# Material to process:
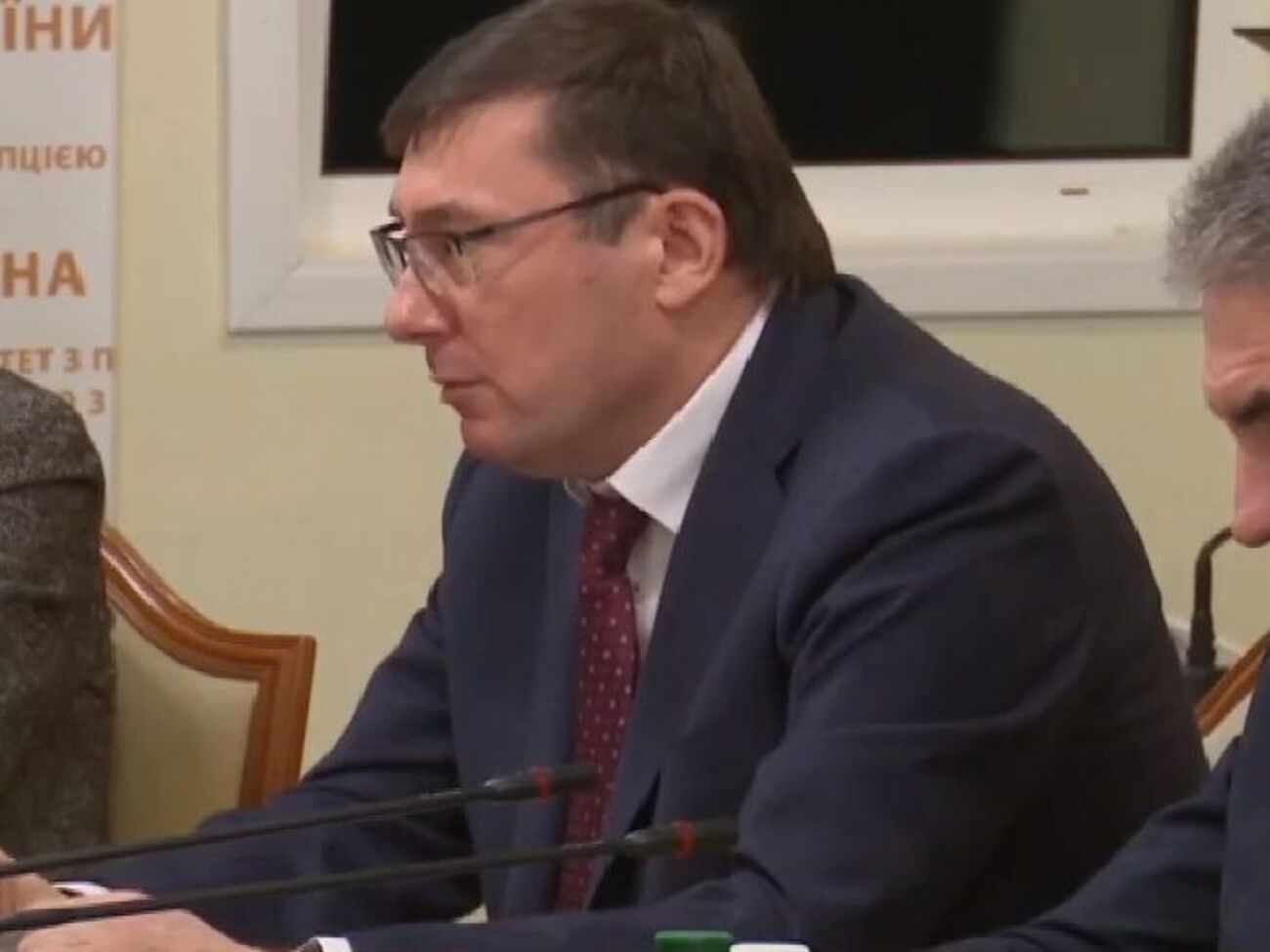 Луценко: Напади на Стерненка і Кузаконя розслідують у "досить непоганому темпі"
...
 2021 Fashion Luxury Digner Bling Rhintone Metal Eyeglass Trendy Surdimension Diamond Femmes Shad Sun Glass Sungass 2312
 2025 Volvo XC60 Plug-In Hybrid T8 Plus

# Your assignment:
Look above for the line with "2021 Fashion Luxury" and the line with "2025 Volvo XC60 Plug-In Hybrid T8 Plus", and reproduce exactly those two lines plus every line between, nothing more.

# Task answer:
 2021 Fashion Luxury Digner Bling Rhintone Metal Eyeglass Trendy Surdimension Diamond Femmes Shad Sun Glass Sungass 2312
 2025 Volvo XC60 Plug-In Hybrid T8 Plus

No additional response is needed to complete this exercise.